Speaking at the Economic Policy Institute, where he delivered his final public address before stepping down as President Obama’s top economic advisor, Larry Summers said that the public sector played a crucial role in the country’s short-term and sustained economic health, both by providing the investment to offset a severe slowdown in private spending, and by creating the conditions by which a private sector could thrive over time.
“Had it not been for a willingness to support an aggressive response to the financial crisis of 2008,” he said, “I have little doubt that we would be looking at a vastly different world today.”
Referring to a still fragile economy, the ongoing jobs crisis, and particularly high rates of unemployment in the construction sector, Summers said, “What better time to invest in upgrading and renewing our nation’s infrastructure….A substantial, sustained effort to rebuild American should be at the top of Washington’s agenda.”

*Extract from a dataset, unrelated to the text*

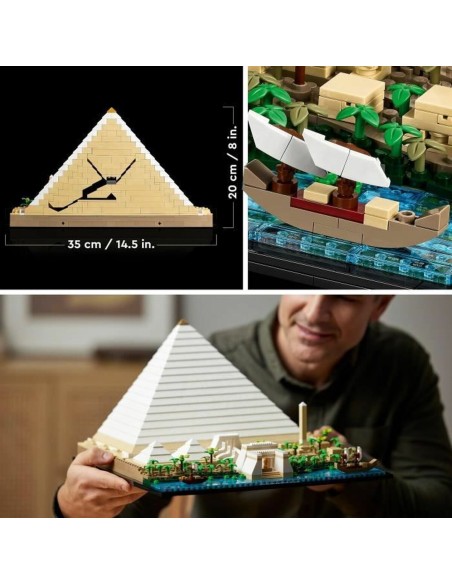 Playset   Lego 21058 Architecture The Great Pyramid of Giza         1476 Pieces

And he said that while private sector innovation was essential to future growth and competitiveness, much of that innovation could not happen without the support of the public sector. He noted there would be no Internet without the technology that had initially been developed for the U.S. military, no car industry without a national network of roads and highways, and no pharmaceutical revolution without the National Institutes of Health.
In a speech that also stressed the importance of long-term fiscal responsibility and increased demand, Summers said that the deal last week to extend Bush-era tax cuts for the country’s top earners had been a “compromise.” But he added that “compromises that were necessitated by a weakened economy in 2010 should be inconceivable in 2012.”